Issue
Artists of 2025: Shilpa Gupta
In Shilpa Gupta’s StillTheyKnowNotWhatIDream (2021), two suspended flapboards deliver a frenzied stream of oracles. Their letters clatter nervously, forming brief, broken, and poetic, if not occasionally unsettling, messages—“MORE POWER / MORE FEAR,” “RAID HISTORIES / ERASE VOICES”—before the next alphabetical convulsion begins. The motion-based work was part of Gupta’s first solo exhibition of the year, “Lines of Flight” at the Ishara Art Foundation in Dubai, which exemplified the Mumbai-born artist’s interest in power structures that tacitly define and erode our existence—whether through technology, surveillance, demarcation, or language.

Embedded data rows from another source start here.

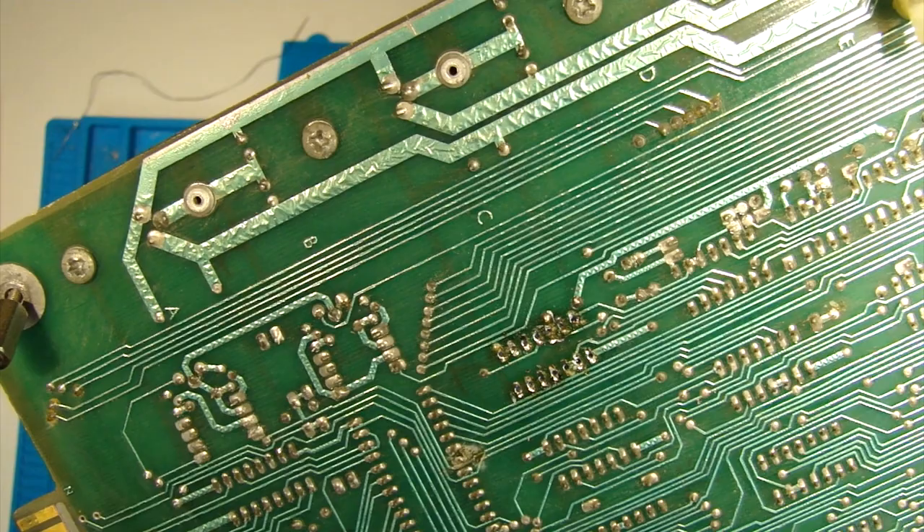Not my best work but it's done. I shall just do a quick continuity check on those pins to make sure they're going through okay and that the solder has made contact.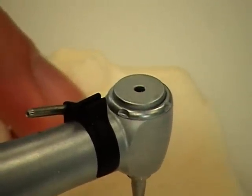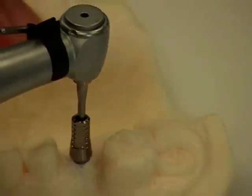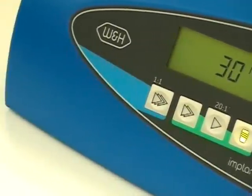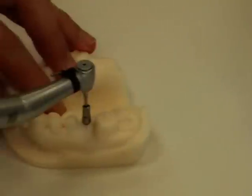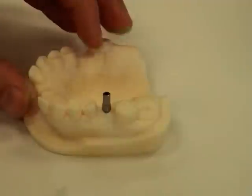It turns very slowly — you can feel it — and then you feel that it has stopped. It's no longer needed to tighten; you can remove it. If you attempt to insert it more, once again it will beep and tell you that it's at the correct torque. Remove the driver, and you're finished.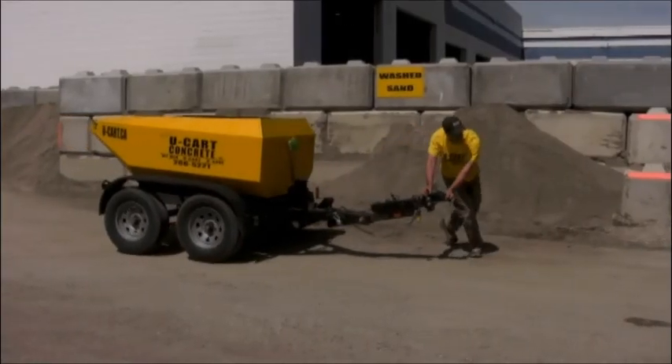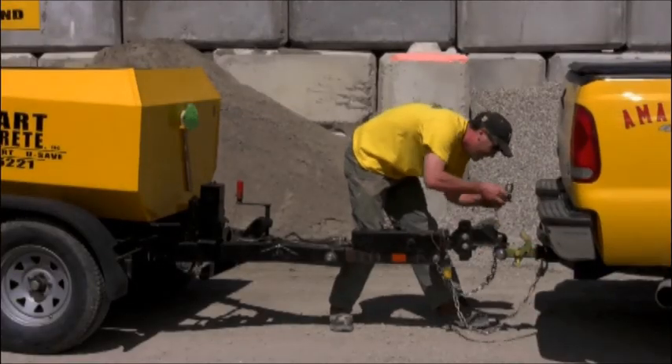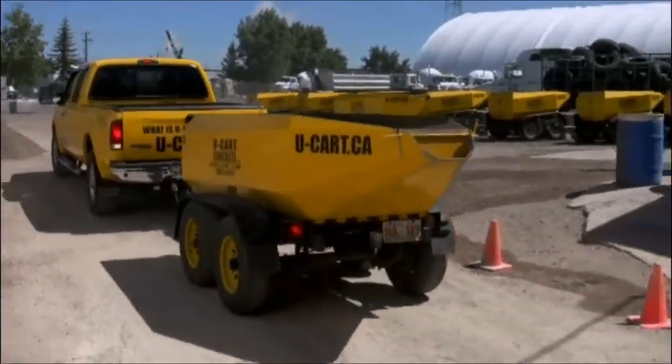Your U-Cart Concrete experience can be quick, easy and affordable with Steve's U-Cart Concrete. Once you've arrived to our yard on time and filled out a rental agreement form, we'll take you outside and a U-Cart employee will get a cart hooked up to your vehicle.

Gupta had a busy year, taking part in more than a dozen international group exhibitions, unveiling a permanent light installation in Doha, and contributing to festivals in Canada, the UK, and Macao. In February, she was the subject of two solo shows: one at New Delhi’s Bikaner House, organized by Vadehra Art Gallery, and another at Tanya Bonakdar Gallery in Los Angeles, which addressed the long-contested borders of the Indian subcontinent. Titled “Some suns fell off,” the latter featured 1:7690 (2023), which compresses narratives of migration, political cartography, and bootleg resistance into a taut, hand-wound ball of clothing scraps smuggled from Bangladesh into India.